Directed by Andy Wachowski, Larry Wachowski
Written by Andy Wachowski, Larry Wachowski

Starring
 · Keanu Reeves
 · Laurence Fishburne
 · Carrie-Anne Moss


Review by Thom Stricklin

I have a choice: the blue pill or the red pill? Should I sing praises for The Matrix Reloaded or should I drag it through the dirt? I'm not sure.

What I do know is that I'd long been looking forward to this film. Since I saw The Matrix--a little later than most--I've been anxious to see where they'd go next. Last night, I saw where they went, and I must say, I was left scratching my head. I wanted to leave the theatre saying "Wow!" but could only muster a "Hmph."

 

Smarts

 
 48%

This film did have a lot of things going for it. Most of the action scenes, in and of themselves, were amazing. Somewhere under there, there's a beautiful story trying to be revealed. But something about this film is holding everything else back. Perhaps it should be called Matrix: Restrained.

Going into this film, I'd said the greatness of this film depended all on the story.
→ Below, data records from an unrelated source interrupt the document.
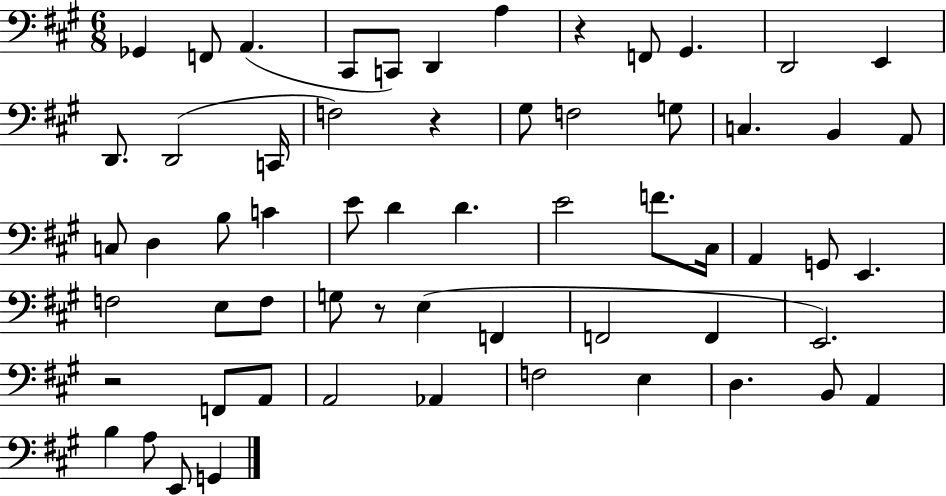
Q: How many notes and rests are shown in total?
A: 60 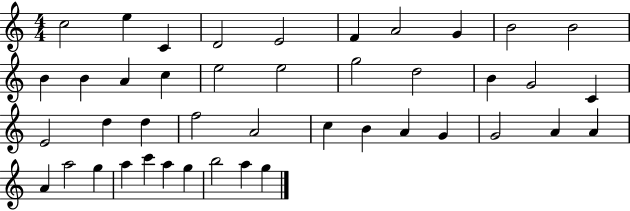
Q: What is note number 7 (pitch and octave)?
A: A4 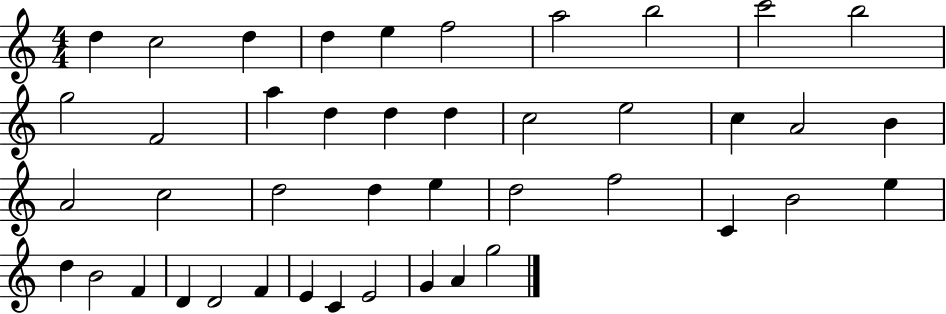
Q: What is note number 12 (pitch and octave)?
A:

There's no question there'd be amazing, tremendous action, but in order for this film to be a winner in my book, the Wachowski brothers would have to expand the plot from the first film, and do it well. As it turns out, it's a half-success.

Reloaded explains the reason for things to exist: the oracle, the agents, Neo himself. It deals with questions of destiny, fate, and choice. But... It does so with such little grace. Perhaps it's dialogue, or editing, or an inconsistent plot, but the trinkets of wisdom in this film are simply thrust upon the audience. There's little time to digest. Sometimes it's hard to realize that a revelatory conversation is coming until it's already half-spoken.
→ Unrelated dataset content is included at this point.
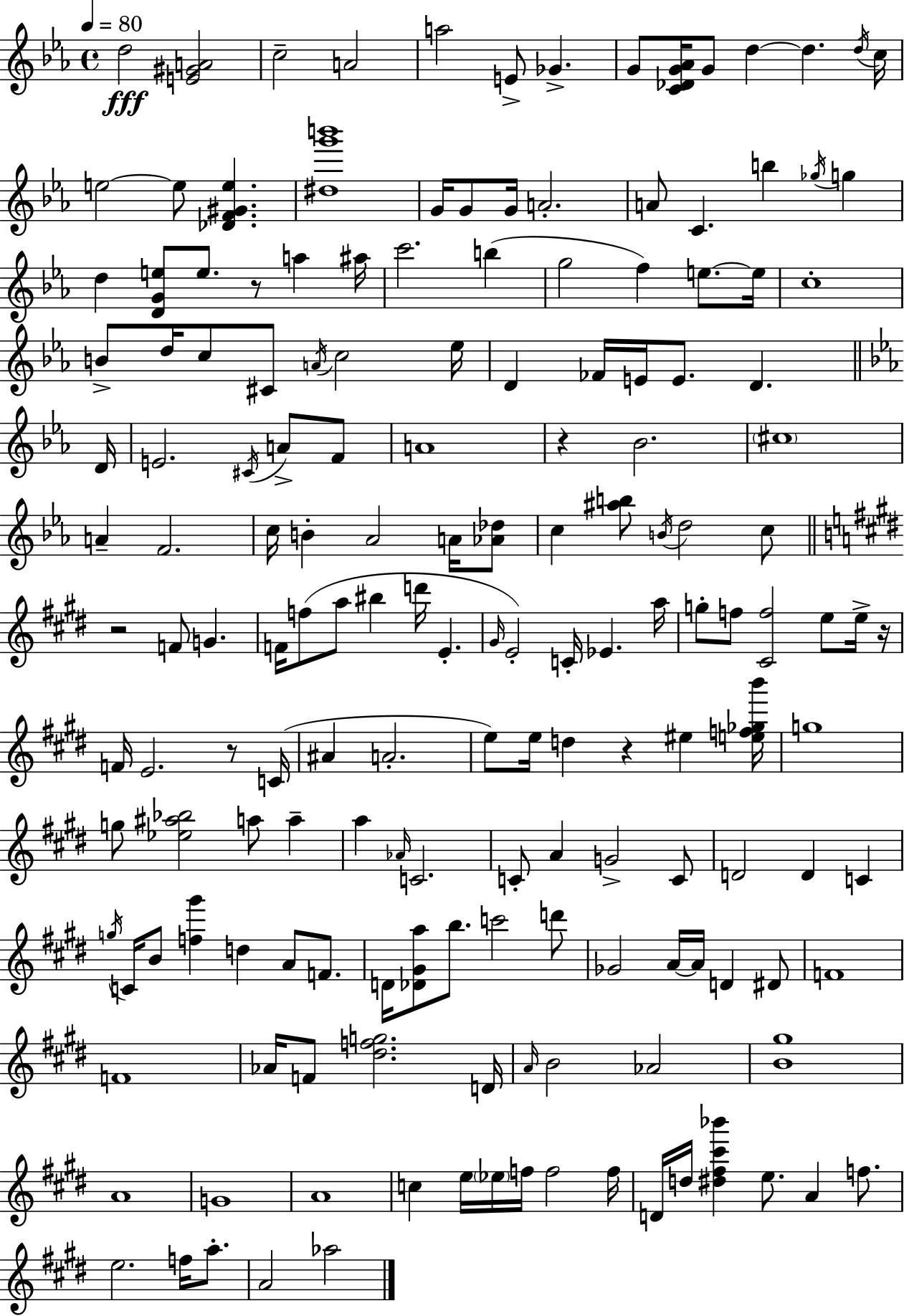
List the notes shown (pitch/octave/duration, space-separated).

D5/h [E4,G#4,A4]/h C5/h A4/h A5/h E4/e Gb4/q. G4/e [C4,Db4,G4,Ab4]/s G4/e D5/q D5/q. D5/s C5/s E5/h E5/e [Db4,F4,G#4,E5]/q. [D#5,G6,B6]/w G4/s G4/e G4/s A4/h. A4/e C4/q. B5/q Gb5/s G5/q D5/q [D4,G4,E5]/e E5/e. R/e A5/q A#5/s C6/h. B5/q G5/h F5/q E5/e. E5/s C5/w B4/e D5/s C5/e C#4/e A4/s C5/h Eb5/s D4/q FES4/s E4/s E4/e. D4/q. D4/s E4/h. C#4/s A4/e F4/e A4/w R/q Bb4/h. C#5/w A4/q F4/h. C5/s B4/q Ab4/h A4/s [Ab4,Db5]/e C5/q [A#5,B5]/e B4/s D5/h C5/e R/h F4/e G4/q. F4/s F5/e A5/e BIS5/q D6/s E4/q. G#4/s E4/h C4/s Eb4/q. A5/s G5/e F5/e [C#4,F5]/h E5/e E5/s R/s F4/s E4/h. R/e C4/s A#4/q A4/h. E5/e E5/s D5/q R/q EIS5/q [E5,F5,Gb5,B6]/s G5/w G5/e [Eb5,A#5,Bb5]/h A5/e A5/q A5/q Ab4/s C4/h. C4/e A4/q G4/h C4/e D4/h D4/q C4/q G5/s C4/s B4/e [F5,G#6]/q D5/q A4/e F4/e. D4/s [Db4,G#4,A5]/e B5/e. C6/h D6/e Gb4/h A4/s A4/s D4/q D#4/e F4/w F4/w Ab4/s F4/e [D#5,F5,G5]/h. D4/s A4/s B4/h Ab4/h [B4,G#5]/w A4/w G4/w A4/w C5/q E5/s Eb5/s F5/s F5/h F5/s D4/s D5/s [D#5,F#5,C#6,Bb6]/q E5/e. A4/q F5/e. E5/h. F5/s A5/e. A4/h Ab5/h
Then there are the missed opportunities. Some of the early scenes of Zion promise for some great insight, and some mighty religious allusion. But those hopes are cut short for a rather pointless rave party scene. One of the new characters, Link, is set up as a sympathetic character only to be reduced to the token black guy, commentating in awe of Neo's accomplishments.

Editing is a bit of a problem too... Some scenes play considerably longer than I'd hope them to, making some otherwise sweet scenes into opportunities to run to the concession stand.

Having said all that, I still think there's something there. I will give this film another chance, and maybe I'll walk away with more insight the second time. But as of first viewing, sorry... It went right past me.

 

Popcorn

 
 86%

Ah, but this is The Matrix! I'm probably in a minority that I liked the first film as much for it's story as for its special effects. What could compete with bullet time, pulse waves, and kung-fu action?

The freeway scene is, hands down, the best scene in the film. So many things are happening in this scene, and the freeway itself is filmed as such a dynamic environment... The overpasses, the offramps, the traffic are all characters in this scene in a way, and they play together beautifully. More of the best eye-candy come from the Milli Vanilli twins--hey, I don't know who they are--and the final scenes where Neo... well, see for yourself. ;)

Unfortunately, a lot of the same action that made Matrix revolutionary makes Reloaded rather stale. I can only see Neo throw beatings so many times to so many agents--although Hugo Weaving's return as Smith is enjoyable.

 

Final

One of the dominant images in this movie is a hall of doors, "backdoors", portals through the Matrix. It's a fitting metaphor, because the film leaves me with many questions but few answers. Many doors yet to be opened. I suppose that's why I can't sing its praises. I'll reserve my judgement for Revolutions to see how this all plays out.

But don't be fooled... The action alone is worth seeing this film on the big screen. Of course, no doubt the DVD will be amazing as well, since the first film set the standard for bonus features. So you, too, have a choice. See it now, see it later, both, or not at all. It's really up to you.